The proletariat seizes the public power, and by means of this transforms the socialised means of production... into public property… To accomplish this act of universal emancipation is the historical mission of the modern proletariat. To thoroughly comprehend the historical conditions… to impart to the oppressed proletarian class a full knowledge of the conditions and of the meaning of the momentous act it is called upon to accomplish — this is the task of the theoretical expression of the proletarian movement, scientific socialism.

Friedrich Engels


Governments all over the world continue to act as if they wish to point the way forward for humankind. As if they deliberately act to prove to working people everywhere that socialism is both urgently necessary and long overdue.

In many of the advanced countries of capitalism, the governments that act for the bourgeoisie have nationalised banks, in whole or in part! They are being compelled to substitute themselves, and the financial resources of society, for the free play of a key section of the capitalist class.

Republican party leaders in the USA voice their unhappiness at the “socialism” of what the Republican President Bush is doing. But they conclude their public soliloquies with statements that There Is No Alternative except for the US bourgeoisie to grit their teeth and be grateful for the “boldness” of the US government in temporarily embracing “socialism”.

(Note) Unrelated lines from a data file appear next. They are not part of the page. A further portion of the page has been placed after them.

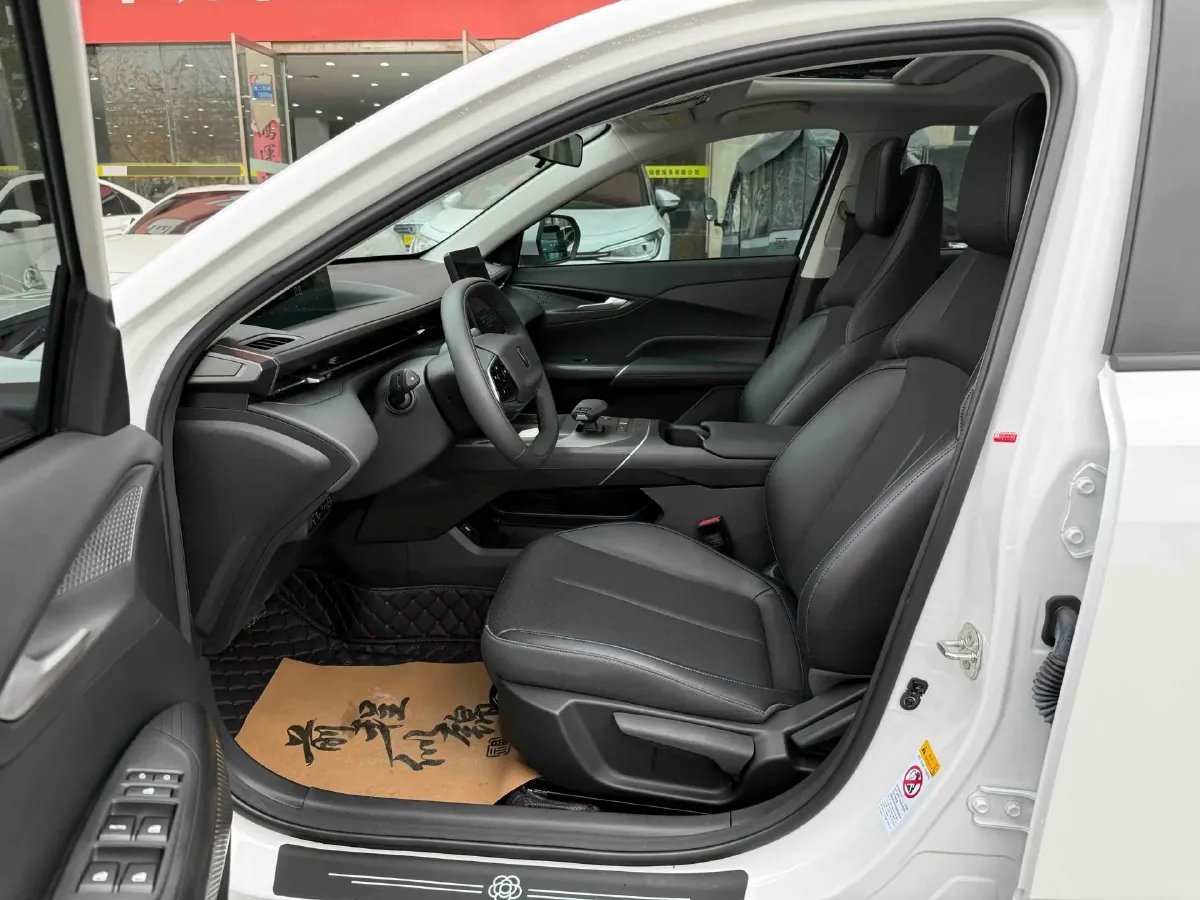 2023 ChangAn Lamore 1.5T 170HP L4 7DCT,autocango,china used car exporter,china ev exporter,chinese used car exporter,chinese used ev exporter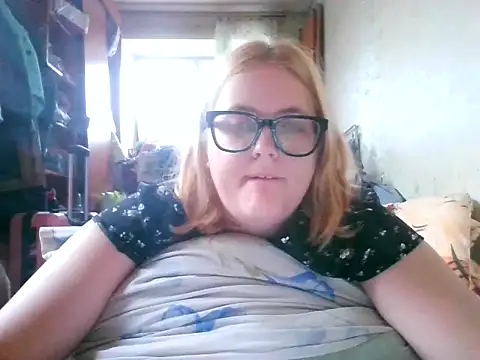 Snapshot of DesireMelissa chatting on 10.10.25 DesireMelissa online show from 10.10.25
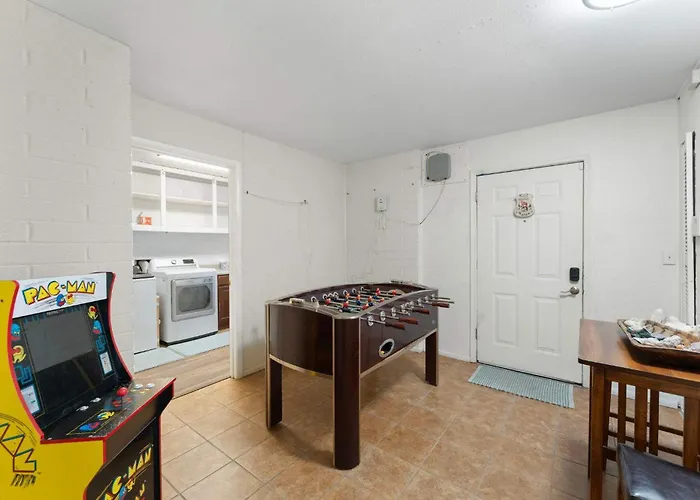 East Base Near Zoo And Desert Garden Patio Holiday home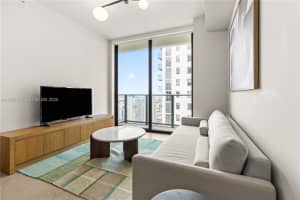 11 NE 6th St #3213, Miami, FL 33132, - MLS#A11927275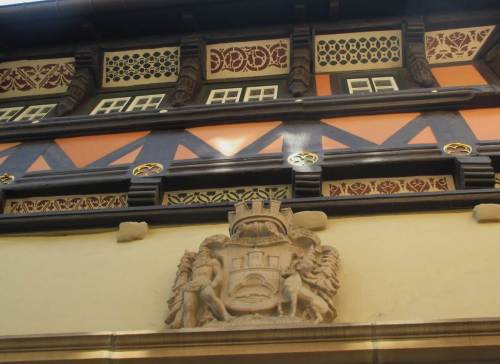 Nicht nur unter den Füßen, auch hoch über dem Kopf, hier am Rathaus, ist die Bachforelle auszumachen.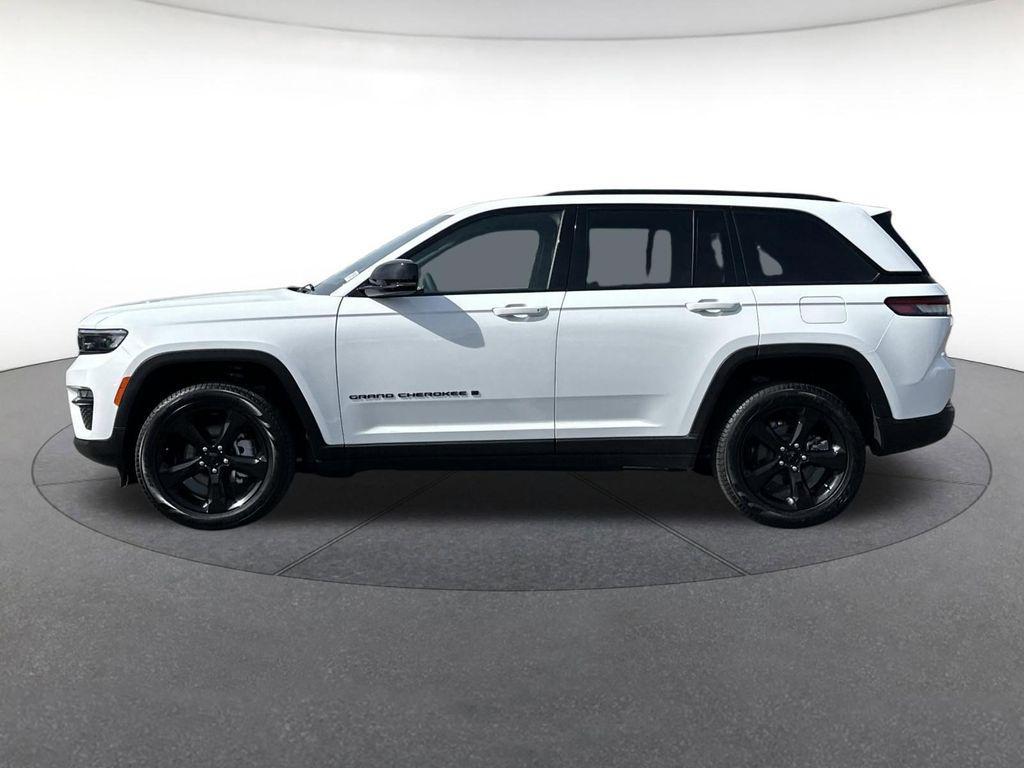 used 2025 Jeep Grand Cherokee car, priced at $38,587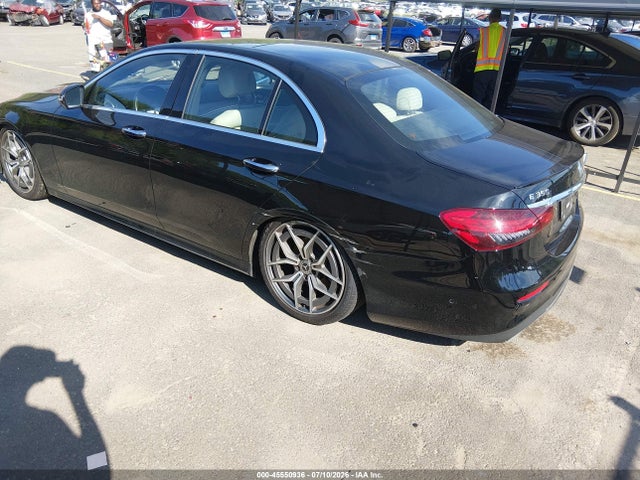 45550936 :رقم المزاد ، W1KZF8EBXMA999828 vin ، 2021 Mercedes-benz E 350 4matic مزاد بيع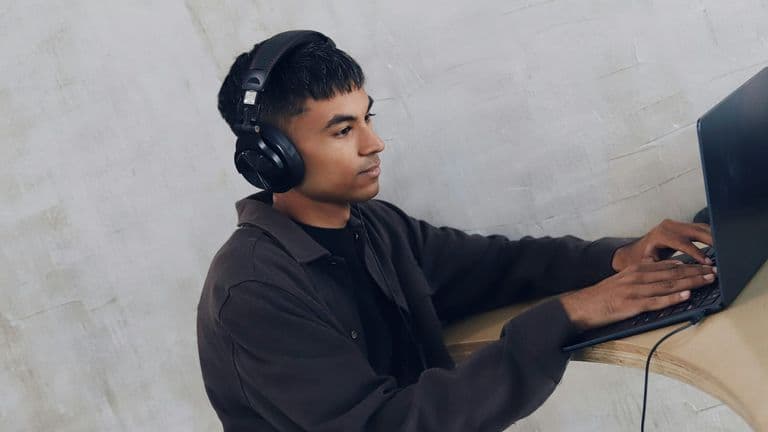 The Impact of AI on Music Creation: Embracing Technology or Sacrificing Soul?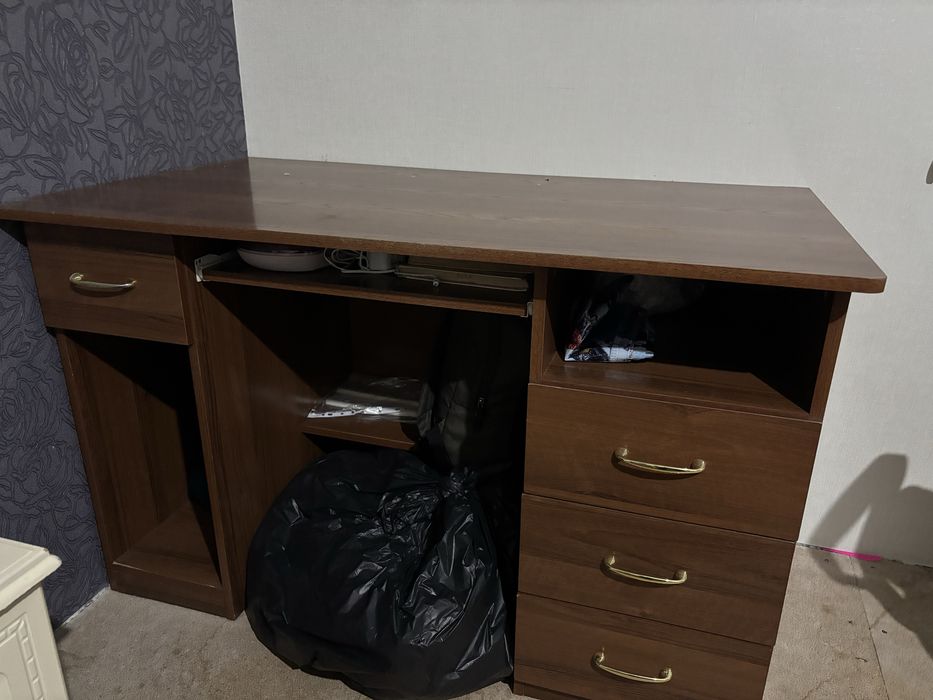 Стол писмений хорошоє состояниє самовивоз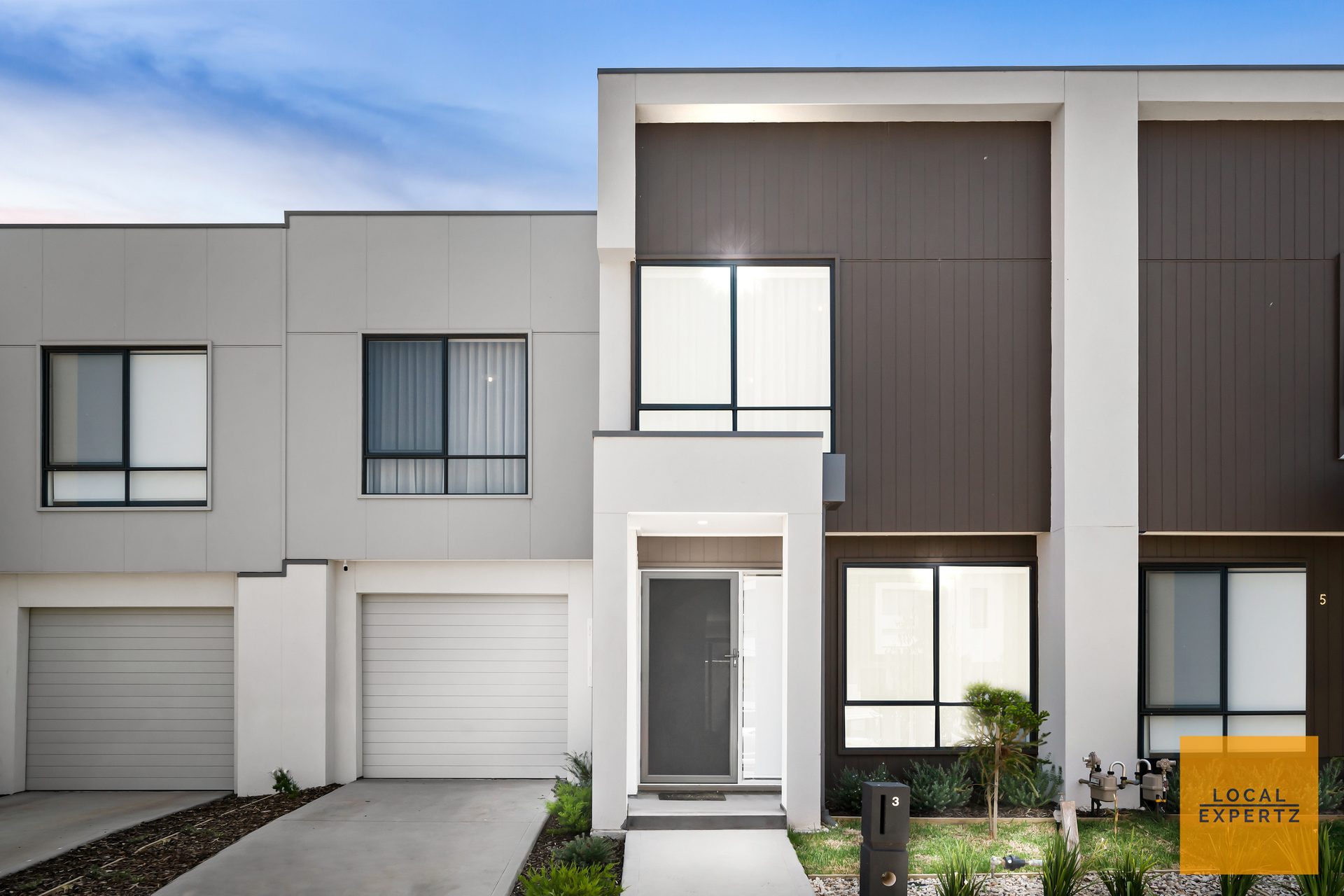 3 Pisa Street, Fraser Rise, VIC — photo 1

For two decades and more, the champions and defenders of capitalism have erected their case on the assertion that There Is No Alternative to capitalism; now, they say There Is No Alternative (temporarily!) to socialism, or what they understand as “socialism”!

It is of course not socialism as we hold to it, working-class democratic socialism, but it is “social-ism”, in the primitive sense of the substitution of social, government, activity for that of the private capitalists.

The ex-reform-socialist advocates of the “social market” have a chance to see — though most of them won’t — the emptiness of their glib civilised-capitalist formula, according to which the normal tendencies of a market system should shape fundamentals, moderated and palliated by “corrective” government action on welfare.

What is needed is not a “social market” system, in which the market rules with “social” modifications, but a system in which “society” rules and regulates and plans the economy on the large scale, “moderated” in certain areas by the empirical flexibility and responsiveness of markets.

In the decades of marketist delusion — of what might be called High Thatcherism, in Britain and even internationally — one all-limiting argument was the national governments had limited powers in the era of the global corporations. We are now seeing just how much power governments can exercise in an emergency.

They have had to take loosely coordinated action to scaffold-up the world financial system, but clearly governments have great power still. It is a question of what that power is used for, and what governments think is an emergency — that is, of who does the thinking, the representatives of the bourgeoisie or of the working class. Of what sort of government is in power — a bourgeois government or a workers’ government.

Government action to rescue stricken but essential elements of capitalism is not, of course, new. In the world wars, governments took directing control of national capitalist systems. The US government of President Wilson did it in World War One, and so did Roosevelt in World War Two. In Nazi Germany, the government took tight control of the economy during the war.

In Britain, after 1945, the government nationalised the capital-short and run-down coal and rail industries.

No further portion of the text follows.